What you are asked to do
Below are entries. Give back exactly the lines from the one containing "banner happy new" through the one containing "ブルゾン アウター ファーボリュームフードパーカー レディース", inclusive, without the pictures.

Study material
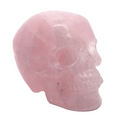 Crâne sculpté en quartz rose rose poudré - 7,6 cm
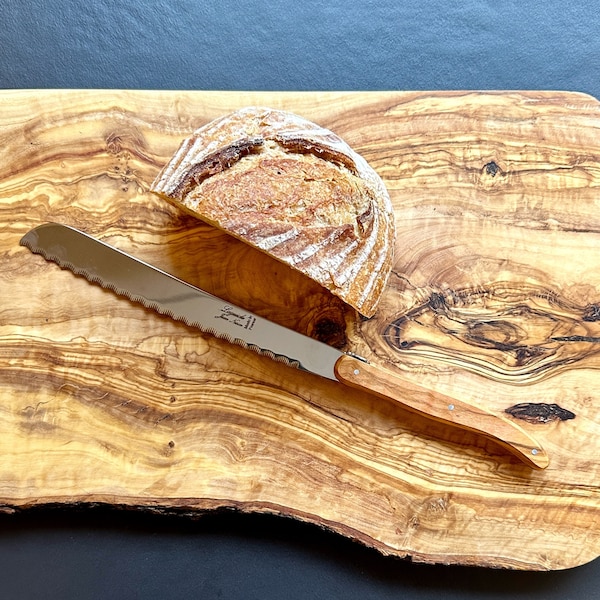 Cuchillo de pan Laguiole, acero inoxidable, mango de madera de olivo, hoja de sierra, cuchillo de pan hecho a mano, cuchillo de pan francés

==

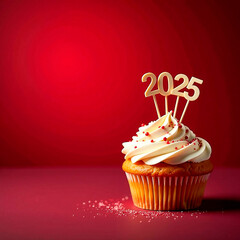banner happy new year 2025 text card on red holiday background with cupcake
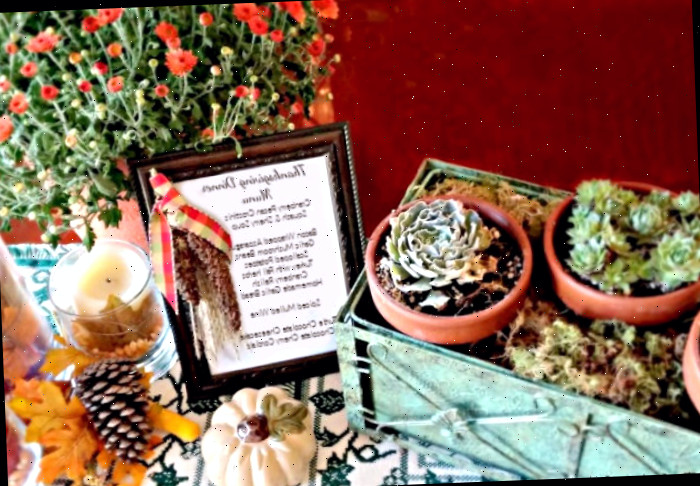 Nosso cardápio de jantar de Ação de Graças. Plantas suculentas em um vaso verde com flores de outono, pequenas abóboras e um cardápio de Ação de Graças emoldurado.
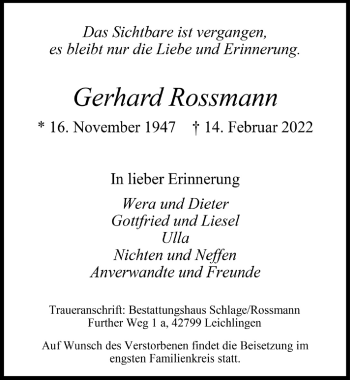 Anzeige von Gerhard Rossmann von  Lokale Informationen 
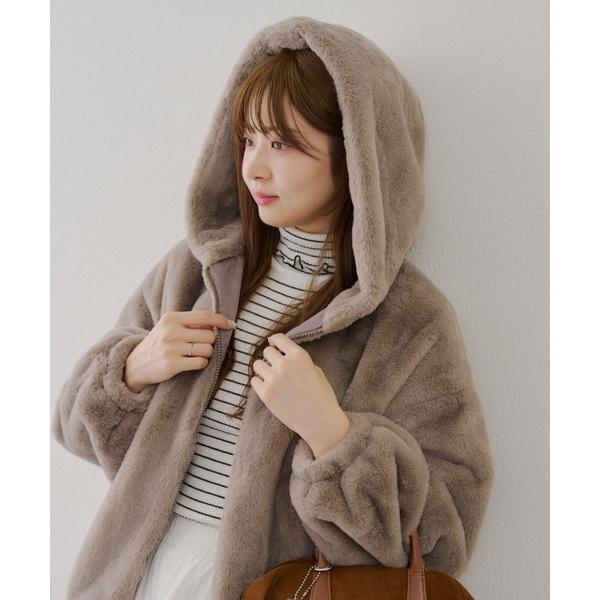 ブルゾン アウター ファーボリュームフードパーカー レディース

Response to the task
banner happy new year 2025 text card on red holiday background with cupcake
 Nosso cardápio de jantar de Ação de Graças. Plantas suculentas em um vaso verde com flores de outono, pequenas abóboras e um cardápio de Ação de Graças emoldurado.
 Anzeige von Gerhard Rossmann von  Lokale Informationen 
 ブルゾン アウター ファーボリュームフードパーカー レディース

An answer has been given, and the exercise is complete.